O Estado do Amazonas era o primeiro do ranking na taxa de transmissão, tendo a rt de 1,30, sendo que a mesma caiu para 1,1o. A alta taxa de transmissão continua, mas há uma tendência de estabilidade e redução da força de transmissão de contágio. A rt de 1,10 significa que cada 100 pessoas doentes podem infectar outras 110.

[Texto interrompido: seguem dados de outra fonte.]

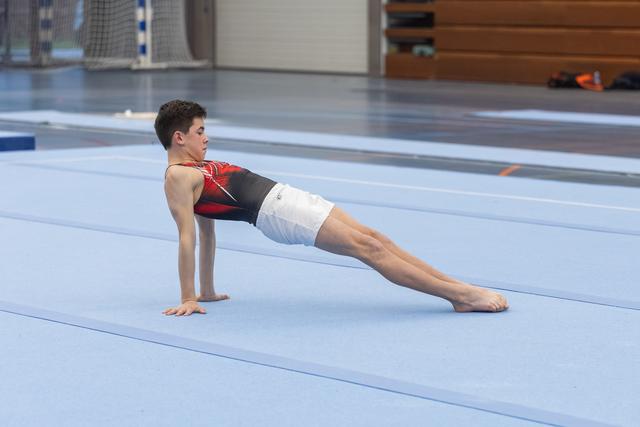 Male gymnast holds reverse plank position during floor training, demonstrating strength and body control in gymnasium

Entre os números apresentados pela Fundação de Vigilância em Saúde (FVS) houve um excesso de óbitos no mês de janeiro, com uma concentração na capital, correspondente a 81% de todo o Estado. Em janeiro, o Amazonas registrou 2.839 mortes por Covid, sendo que no pico de maio do ano passado esse número foi de 1.614, no mês. Só Manaus teve 2.316 falecimentos em decorrência de complicações pelo vírus. Comparando os períodos das ondas da pandemia, a segunda teve um aumento de 75% de óbitos em relação a 2020.

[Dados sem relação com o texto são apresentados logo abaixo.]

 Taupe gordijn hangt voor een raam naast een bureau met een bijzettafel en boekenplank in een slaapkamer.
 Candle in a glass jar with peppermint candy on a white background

No mês passado, a média móvel de mortes estava em 117 por dia (22 de janeiro), e agora o número no Estado está em 80,8. Na capital, os números saíram de 93,9 para 65, respectivamente, por dia. Janeiro também teve o maior número de casos de toda a pandemia, somando 66.381 infectados, ultrapassando o pico de maio do ano passado, com 36.123 casos, mostrando a força e velocidade de transmissão do vírus neste período.

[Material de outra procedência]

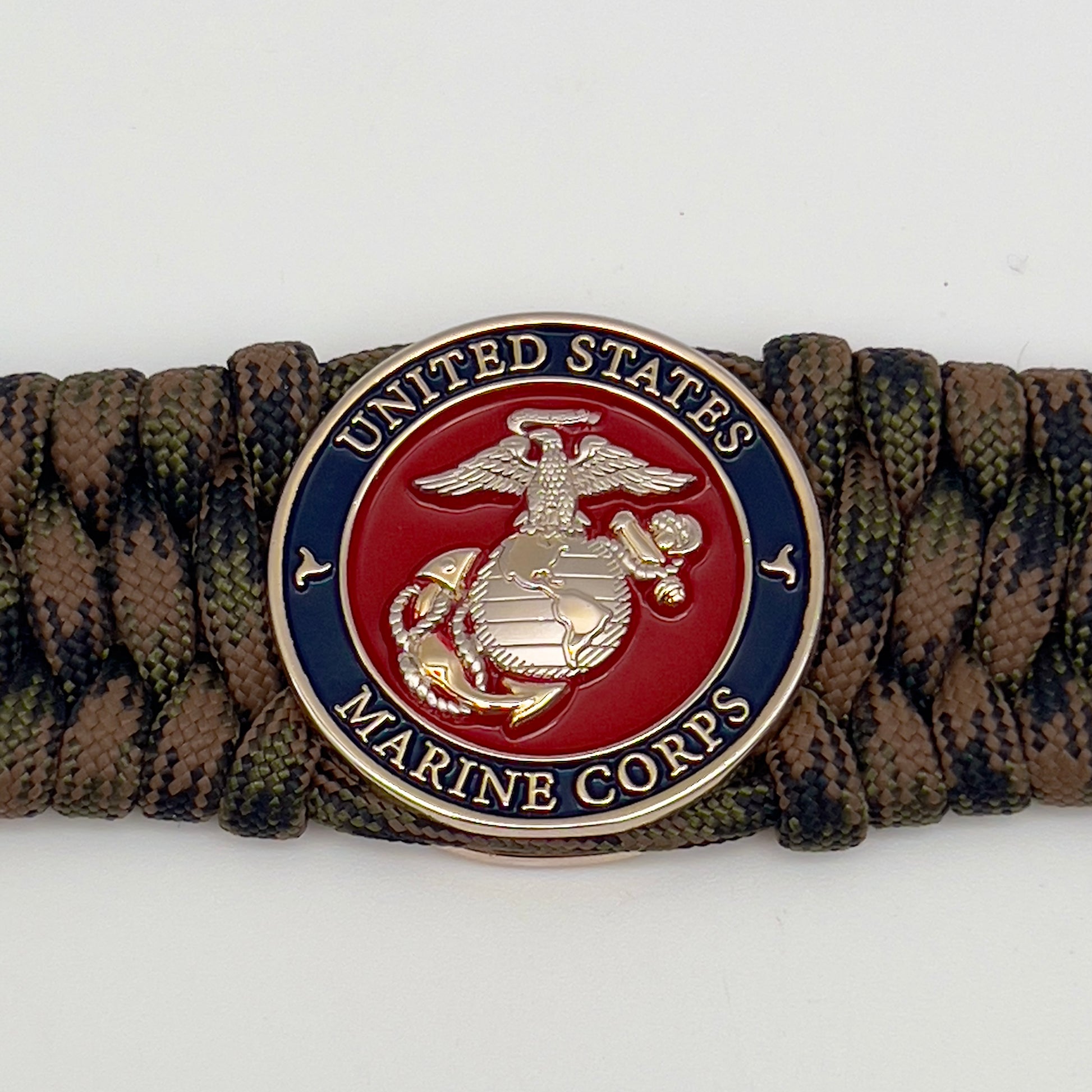 Thick, rigid and comfortable braided United States Marine Corps bracelet featuring a 24K gold and silver plated USMC officer Eagle Globe and Anchor medallion, a gold Cobra style tactical buckle and woven with Woodland Camo 550 paracord.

Nos últimos 14 dias, a taxa de transmissão móvel/dia teve redução de 3% no Estado e de 19% na capital, caindo ainda mais no interior, para -8%. Conforme a FVS, as medidas adotadas pelos decretos para manter o distanciamento e restringir a circulação de pessoas, além do fechamento de atividades não essenciais, tem auxiliado na redução dos números de contágio e pressão na rede pública. Em determinados momentos se atingiu mais de 60% de isolamento social.